W3C home > Mailing lists > Public > public-urispec@w3.org > October 2014

Re: resolving the URL mess

From: John C Klensin <klensin@jck.com>
Date: Thu, 02 Oct 2014 19:54:14 -0400
To: Sam Ruby <rubys@intertwingly.net>, David Sheets <sheets@alum.mit.edu>, Larry Masinter <masinter@adobe.com>
cc: public-urispec@w3.org, Anne van Kesteren <annevk@annevk.nl>
Message-ID: <B1EB9C24C68C6F2188C469A7@JcK-HP8200.jck.com>

For whatever it is worth, let me add a different, three part,
perspective to Sam's comments (I share his concerns):

(1) What are we trying to do?

There are at least three ways to think about a standard and what
it is about:

(i) It is a description of existing, fairly uniform, industry
practice.

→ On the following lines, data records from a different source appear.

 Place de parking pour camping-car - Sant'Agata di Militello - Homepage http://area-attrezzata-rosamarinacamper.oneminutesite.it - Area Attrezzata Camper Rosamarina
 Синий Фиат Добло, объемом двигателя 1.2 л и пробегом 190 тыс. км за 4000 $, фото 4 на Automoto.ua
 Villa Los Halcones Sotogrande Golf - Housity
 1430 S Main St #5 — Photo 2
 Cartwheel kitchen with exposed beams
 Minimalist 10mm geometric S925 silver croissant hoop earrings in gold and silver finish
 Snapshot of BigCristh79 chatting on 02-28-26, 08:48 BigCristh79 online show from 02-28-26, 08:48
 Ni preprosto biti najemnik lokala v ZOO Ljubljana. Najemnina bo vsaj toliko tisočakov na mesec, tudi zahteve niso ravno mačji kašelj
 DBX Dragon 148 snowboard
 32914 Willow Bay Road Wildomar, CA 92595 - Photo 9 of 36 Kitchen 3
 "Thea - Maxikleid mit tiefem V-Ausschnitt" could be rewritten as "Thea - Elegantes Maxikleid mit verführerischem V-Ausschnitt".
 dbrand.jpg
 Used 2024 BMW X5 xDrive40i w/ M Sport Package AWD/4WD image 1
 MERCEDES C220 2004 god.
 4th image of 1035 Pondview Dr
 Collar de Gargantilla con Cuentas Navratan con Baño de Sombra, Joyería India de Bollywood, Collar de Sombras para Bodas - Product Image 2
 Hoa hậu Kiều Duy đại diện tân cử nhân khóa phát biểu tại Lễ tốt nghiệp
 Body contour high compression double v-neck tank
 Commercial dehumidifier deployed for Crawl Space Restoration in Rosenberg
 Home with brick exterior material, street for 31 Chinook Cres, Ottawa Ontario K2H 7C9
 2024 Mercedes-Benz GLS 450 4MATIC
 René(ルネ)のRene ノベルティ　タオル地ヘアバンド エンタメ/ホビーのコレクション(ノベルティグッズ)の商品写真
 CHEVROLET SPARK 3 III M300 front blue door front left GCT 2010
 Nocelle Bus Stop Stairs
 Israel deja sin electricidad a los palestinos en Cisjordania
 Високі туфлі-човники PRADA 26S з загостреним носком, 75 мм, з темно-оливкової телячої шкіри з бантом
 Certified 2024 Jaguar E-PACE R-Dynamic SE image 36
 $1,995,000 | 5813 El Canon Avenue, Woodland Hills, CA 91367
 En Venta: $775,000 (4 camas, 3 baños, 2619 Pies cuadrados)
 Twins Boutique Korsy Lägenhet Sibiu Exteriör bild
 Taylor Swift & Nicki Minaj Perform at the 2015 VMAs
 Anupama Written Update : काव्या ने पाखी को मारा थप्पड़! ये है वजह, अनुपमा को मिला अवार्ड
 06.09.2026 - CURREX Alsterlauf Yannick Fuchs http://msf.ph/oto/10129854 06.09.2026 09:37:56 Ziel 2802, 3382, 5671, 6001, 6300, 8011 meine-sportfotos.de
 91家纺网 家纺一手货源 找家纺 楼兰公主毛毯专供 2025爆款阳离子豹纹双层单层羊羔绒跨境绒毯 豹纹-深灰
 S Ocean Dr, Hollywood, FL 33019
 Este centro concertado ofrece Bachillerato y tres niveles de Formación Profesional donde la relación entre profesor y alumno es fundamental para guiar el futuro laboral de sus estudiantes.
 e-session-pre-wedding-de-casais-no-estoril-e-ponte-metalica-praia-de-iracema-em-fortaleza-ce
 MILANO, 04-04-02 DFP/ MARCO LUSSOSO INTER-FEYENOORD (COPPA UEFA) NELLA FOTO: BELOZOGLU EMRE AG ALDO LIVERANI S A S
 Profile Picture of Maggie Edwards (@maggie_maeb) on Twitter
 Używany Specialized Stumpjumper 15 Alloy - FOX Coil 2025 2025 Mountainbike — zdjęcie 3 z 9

Normative statements are rarely if ever appropriate
and this segues into something else if industry practice is not
uniform or if there isn't broad consensus about how to define
the relevant "industry".

(ii) It is a target, expressing good or best practices.  It is
useful as a target even if no one actually conforms to it.   If
the differences from existing practice are understood, it may
(and probably should) contain descriptions of the differences,
transition suggestions, or both.

(iii) It is an aspirational statement, sometimes in the form of
what has been called a predictive or anticipatory standard, that
expresses best available judgment about the way things should be
done with no necessary connection to existing practice. 

Each of those options may be appropriate to some community (or
communities) and not others.

While I sometimes get cynical about one or two of those options,
the reality is that each has its place if we are clear about
what we are doing and, if there is a reference community, what
it is and what other communities are expected to do.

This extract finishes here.